DNS Belgium switches to the cloud
On Saturday February 11th DNS Belgium will switch their technical system for registering and managing domain names to the Amazon cloud (AWS). The migration will start at 9am and it will probably take until late afternoon before all services will be available again.
Meanwhile all existing .be domain names remain active. However it won’t be possible to register new .be names or to make changes to existing registrations. Also checking whether a name has already been registered and by whom won’t be possible.
Until now the DNS Belgium system ran on dedicated servers co-located in professional datacenters. As far as we could find, they’re one of the first registries to switch their services to “the clud”. Within Europe there are no other country code registries who have already done this. However the Swedish registry is also investigating this possibility.
We spoke with Philip Du Bois, General Manager of DNS Belgium about the consequences (and dangers) regarding this switch.
TLD.sc: Is this switch interesting financially?
Du Bois: Financially it is indeed a bit more interesting, however this wasn’t by all means our main reason.
On the long term we will definitely save more because it won’t no longer be required to upgrade every few years. The main advantage is we will now have more time to automate and we will have the ability to describe all aspects of our platform code (software defined), which increases the quality and therefore the security.
TLD.sc: This “cloud” also offers great advantages regarding reliability.
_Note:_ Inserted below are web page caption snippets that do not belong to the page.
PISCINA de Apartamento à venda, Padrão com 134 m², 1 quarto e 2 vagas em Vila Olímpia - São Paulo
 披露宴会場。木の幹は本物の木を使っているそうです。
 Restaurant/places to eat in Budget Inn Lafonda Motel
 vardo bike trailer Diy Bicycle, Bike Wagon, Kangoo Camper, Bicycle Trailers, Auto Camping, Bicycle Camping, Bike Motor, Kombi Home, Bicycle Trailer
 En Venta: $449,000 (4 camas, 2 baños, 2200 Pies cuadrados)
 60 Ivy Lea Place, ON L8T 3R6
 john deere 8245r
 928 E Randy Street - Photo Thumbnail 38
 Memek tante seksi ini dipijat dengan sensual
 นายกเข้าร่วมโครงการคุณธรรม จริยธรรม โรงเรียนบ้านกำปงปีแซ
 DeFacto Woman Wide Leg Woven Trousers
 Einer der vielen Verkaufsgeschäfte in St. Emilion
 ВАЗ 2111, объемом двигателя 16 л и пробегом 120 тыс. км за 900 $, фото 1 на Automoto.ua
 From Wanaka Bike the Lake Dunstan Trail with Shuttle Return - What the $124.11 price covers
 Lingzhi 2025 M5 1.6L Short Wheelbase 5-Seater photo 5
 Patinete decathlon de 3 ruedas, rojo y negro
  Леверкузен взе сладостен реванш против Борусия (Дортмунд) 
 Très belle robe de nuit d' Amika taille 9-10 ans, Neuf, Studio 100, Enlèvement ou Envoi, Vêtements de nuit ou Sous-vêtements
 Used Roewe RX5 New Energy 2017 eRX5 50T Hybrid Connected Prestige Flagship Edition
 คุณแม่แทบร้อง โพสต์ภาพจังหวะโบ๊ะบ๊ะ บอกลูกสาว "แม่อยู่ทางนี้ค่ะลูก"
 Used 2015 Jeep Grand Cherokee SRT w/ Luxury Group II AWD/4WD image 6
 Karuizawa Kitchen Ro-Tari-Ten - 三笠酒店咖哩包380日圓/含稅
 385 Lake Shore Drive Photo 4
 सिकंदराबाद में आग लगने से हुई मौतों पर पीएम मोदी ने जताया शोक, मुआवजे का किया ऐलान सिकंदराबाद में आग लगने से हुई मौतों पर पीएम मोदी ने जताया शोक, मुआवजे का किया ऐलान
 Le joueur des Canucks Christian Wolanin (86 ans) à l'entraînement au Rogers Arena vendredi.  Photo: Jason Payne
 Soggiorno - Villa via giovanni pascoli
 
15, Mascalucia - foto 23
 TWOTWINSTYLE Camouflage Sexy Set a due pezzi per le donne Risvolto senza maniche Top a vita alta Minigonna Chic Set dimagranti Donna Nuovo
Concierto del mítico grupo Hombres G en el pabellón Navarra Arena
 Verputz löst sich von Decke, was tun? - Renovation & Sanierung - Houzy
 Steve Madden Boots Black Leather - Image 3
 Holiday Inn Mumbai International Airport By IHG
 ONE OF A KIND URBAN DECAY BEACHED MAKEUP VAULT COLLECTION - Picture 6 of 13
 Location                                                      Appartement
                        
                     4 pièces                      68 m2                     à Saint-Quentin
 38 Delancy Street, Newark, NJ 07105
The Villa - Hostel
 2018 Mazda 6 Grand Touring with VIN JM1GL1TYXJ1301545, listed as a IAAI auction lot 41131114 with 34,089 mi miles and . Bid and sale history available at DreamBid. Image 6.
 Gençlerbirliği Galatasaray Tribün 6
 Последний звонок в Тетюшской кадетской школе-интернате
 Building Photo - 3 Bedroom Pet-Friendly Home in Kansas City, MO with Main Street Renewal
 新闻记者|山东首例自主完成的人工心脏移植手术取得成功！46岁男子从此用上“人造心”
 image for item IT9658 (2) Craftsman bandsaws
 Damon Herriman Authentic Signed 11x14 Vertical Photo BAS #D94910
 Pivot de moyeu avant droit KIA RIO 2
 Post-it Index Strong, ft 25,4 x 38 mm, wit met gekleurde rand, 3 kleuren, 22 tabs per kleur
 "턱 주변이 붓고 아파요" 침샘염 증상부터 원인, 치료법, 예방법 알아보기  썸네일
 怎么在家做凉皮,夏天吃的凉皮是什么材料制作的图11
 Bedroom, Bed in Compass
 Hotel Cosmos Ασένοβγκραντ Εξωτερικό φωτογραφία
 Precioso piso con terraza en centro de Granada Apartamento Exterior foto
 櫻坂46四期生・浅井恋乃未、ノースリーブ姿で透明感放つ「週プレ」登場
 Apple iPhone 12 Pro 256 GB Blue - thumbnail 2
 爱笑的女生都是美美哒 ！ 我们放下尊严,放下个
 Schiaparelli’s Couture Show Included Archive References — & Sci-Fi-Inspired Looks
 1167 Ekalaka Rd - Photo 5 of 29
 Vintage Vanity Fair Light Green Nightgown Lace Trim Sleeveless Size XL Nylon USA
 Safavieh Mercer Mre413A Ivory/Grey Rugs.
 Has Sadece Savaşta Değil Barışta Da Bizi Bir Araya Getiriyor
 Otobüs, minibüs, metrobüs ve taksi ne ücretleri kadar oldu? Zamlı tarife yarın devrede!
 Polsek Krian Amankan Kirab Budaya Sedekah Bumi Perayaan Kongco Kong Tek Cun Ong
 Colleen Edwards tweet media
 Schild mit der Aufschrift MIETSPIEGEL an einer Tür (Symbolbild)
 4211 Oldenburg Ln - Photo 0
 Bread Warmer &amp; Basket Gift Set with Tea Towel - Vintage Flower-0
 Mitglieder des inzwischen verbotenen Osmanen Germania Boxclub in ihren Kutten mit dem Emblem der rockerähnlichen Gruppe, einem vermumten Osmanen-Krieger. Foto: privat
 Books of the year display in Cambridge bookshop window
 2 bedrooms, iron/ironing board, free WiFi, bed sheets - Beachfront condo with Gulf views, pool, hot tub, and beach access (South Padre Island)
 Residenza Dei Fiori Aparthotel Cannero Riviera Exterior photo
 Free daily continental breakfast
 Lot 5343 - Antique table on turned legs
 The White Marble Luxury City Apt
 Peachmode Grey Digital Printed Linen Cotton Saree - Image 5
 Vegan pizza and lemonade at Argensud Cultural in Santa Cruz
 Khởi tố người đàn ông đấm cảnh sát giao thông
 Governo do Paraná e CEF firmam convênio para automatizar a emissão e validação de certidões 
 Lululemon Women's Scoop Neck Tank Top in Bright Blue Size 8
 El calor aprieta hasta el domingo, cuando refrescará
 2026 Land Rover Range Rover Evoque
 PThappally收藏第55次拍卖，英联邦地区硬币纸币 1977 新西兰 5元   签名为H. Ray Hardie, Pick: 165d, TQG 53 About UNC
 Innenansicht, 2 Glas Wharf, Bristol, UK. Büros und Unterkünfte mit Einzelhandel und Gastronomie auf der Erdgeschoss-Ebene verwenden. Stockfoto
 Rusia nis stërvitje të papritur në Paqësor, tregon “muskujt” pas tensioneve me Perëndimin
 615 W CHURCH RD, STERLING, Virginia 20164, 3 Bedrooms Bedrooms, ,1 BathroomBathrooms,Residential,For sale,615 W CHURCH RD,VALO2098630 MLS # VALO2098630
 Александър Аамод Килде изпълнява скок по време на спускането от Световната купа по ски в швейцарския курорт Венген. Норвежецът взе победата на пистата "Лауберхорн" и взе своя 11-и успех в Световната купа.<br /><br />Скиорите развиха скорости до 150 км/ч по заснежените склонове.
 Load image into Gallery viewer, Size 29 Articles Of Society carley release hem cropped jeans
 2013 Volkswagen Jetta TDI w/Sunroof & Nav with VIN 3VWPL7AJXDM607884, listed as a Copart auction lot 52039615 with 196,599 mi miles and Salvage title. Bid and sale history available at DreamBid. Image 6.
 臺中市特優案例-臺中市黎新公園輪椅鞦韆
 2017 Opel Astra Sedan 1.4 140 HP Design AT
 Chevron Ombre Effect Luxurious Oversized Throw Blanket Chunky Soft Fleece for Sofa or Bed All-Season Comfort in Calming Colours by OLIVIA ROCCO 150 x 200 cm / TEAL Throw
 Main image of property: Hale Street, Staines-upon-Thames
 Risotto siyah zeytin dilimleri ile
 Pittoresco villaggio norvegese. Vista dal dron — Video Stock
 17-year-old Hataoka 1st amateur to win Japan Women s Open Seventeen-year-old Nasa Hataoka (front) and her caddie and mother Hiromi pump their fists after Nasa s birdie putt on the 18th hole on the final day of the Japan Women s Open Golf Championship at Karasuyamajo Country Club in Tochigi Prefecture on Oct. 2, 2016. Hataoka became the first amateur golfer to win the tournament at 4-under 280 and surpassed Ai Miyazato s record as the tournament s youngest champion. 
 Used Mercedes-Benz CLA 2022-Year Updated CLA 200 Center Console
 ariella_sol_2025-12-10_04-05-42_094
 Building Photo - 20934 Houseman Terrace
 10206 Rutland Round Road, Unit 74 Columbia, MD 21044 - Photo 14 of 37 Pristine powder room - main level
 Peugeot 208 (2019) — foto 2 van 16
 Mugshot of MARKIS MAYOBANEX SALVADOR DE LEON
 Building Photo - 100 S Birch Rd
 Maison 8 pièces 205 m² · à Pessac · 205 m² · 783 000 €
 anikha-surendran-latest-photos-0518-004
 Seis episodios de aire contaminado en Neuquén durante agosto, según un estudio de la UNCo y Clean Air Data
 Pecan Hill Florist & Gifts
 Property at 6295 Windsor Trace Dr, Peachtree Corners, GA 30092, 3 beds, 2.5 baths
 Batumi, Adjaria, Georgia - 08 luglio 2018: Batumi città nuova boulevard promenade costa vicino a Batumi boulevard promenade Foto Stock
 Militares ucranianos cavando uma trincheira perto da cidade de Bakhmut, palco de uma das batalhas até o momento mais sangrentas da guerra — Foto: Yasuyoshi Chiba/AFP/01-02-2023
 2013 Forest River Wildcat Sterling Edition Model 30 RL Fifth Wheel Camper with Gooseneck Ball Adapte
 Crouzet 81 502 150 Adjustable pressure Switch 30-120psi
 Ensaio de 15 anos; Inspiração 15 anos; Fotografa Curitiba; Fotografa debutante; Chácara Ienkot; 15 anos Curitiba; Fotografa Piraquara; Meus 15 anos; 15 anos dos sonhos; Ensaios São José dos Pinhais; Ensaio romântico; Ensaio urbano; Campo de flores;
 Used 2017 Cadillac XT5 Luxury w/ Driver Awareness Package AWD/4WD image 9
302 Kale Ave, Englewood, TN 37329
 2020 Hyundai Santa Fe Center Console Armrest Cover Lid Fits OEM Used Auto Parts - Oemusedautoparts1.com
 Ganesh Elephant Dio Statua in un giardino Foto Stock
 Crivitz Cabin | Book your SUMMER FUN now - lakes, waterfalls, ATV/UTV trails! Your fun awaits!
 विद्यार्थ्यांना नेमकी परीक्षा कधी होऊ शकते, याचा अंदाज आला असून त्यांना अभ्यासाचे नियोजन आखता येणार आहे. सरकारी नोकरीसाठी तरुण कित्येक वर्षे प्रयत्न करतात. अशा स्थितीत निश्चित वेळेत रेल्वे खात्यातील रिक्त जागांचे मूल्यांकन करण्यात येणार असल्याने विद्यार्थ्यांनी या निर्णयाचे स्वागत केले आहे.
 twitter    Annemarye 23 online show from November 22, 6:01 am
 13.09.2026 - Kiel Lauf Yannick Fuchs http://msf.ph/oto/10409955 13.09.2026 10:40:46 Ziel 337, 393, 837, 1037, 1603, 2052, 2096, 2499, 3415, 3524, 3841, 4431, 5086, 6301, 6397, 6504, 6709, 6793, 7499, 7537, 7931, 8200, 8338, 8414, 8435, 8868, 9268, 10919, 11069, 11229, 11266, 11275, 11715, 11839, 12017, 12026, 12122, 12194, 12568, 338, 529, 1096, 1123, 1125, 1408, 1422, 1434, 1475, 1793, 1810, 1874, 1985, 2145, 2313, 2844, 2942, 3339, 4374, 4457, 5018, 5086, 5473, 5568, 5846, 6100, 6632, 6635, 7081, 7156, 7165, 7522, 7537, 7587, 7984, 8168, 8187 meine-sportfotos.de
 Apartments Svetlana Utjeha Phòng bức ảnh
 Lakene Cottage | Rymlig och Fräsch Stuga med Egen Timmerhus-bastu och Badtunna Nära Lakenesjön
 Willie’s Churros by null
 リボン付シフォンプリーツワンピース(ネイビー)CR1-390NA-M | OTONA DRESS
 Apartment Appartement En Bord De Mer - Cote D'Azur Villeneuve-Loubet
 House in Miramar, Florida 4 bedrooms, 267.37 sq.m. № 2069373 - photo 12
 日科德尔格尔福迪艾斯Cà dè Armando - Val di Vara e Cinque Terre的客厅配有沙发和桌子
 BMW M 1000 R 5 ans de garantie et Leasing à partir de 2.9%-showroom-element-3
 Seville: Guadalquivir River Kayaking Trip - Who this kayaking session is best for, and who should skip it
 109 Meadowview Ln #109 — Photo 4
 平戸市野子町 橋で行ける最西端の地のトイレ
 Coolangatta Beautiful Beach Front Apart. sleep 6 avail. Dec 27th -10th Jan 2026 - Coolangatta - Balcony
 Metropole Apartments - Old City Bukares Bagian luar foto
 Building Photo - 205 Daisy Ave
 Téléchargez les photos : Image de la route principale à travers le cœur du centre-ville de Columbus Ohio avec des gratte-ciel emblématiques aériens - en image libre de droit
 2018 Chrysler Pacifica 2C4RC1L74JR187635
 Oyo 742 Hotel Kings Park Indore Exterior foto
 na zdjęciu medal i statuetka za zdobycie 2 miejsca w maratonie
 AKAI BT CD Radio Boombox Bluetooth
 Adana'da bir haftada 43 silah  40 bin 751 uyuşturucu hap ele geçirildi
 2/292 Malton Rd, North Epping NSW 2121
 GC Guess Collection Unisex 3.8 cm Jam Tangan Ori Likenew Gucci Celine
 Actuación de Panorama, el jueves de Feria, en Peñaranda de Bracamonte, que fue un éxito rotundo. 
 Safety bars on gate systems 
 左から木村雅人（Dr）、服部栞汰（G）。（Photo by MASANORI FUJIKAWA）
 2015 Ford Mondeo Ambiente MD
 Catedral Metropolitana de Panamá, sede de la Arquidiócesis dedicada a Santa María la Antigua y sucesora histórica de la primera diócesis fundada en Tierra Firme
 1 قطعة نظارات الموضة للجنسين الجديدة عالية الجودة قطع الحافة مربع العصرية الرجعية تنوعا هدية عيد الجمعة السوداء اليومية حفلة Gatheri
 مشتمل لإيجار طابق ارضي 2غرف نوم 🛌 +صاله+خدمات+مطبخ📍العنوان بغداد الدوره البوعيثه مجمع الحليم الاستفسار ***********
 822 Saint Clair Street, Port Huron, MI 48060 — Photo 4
With a failure it can be restarted in a different virtual environment, something with isn’t so obvious with physical hardware. Are there also any disadvantages?
Du Bois: Until now we haven’t experienced any.
TLD.sc: Is the protection against hacking as strong as on your own hardware?
Du Bois: Although we do (did) our co-location in two reputable data centres in Belgium, we are convinced that the AWS data centres are more secure because no one from a 3rd party comes in. With a co-location sometimes employees of other companies are in the building.
TLD.sc: Does this mean that personal addresses (which aren’t always shown in the WHOIS) are now up for grabs for, for example, US intelligence services?
Du Bois: Obviously this has also been widely discussed and studied. All data (both on the network and on the disc) are encrypted and stored on servers in the EU. It is therefore not possible, in principle, that AWS gives access to US authorities to our non-encrypted data. Our data will not exceed the EU limits and there is certainly no question of transport of data toward the US
AWS also has the principle that, if there would come a US request, they inform us of this by default. That way we can evaluate our position and respond appropriately. If we find the question inappropriate or disproportionate, we will immediately initiate the necessary legal proceedings and oppose the transmission of the information. If the demand is justified and proportional, we will work with the US Law enforcement as we would do with our local security forces and in accordance with the guarantees provided for domain name holders in our T & C.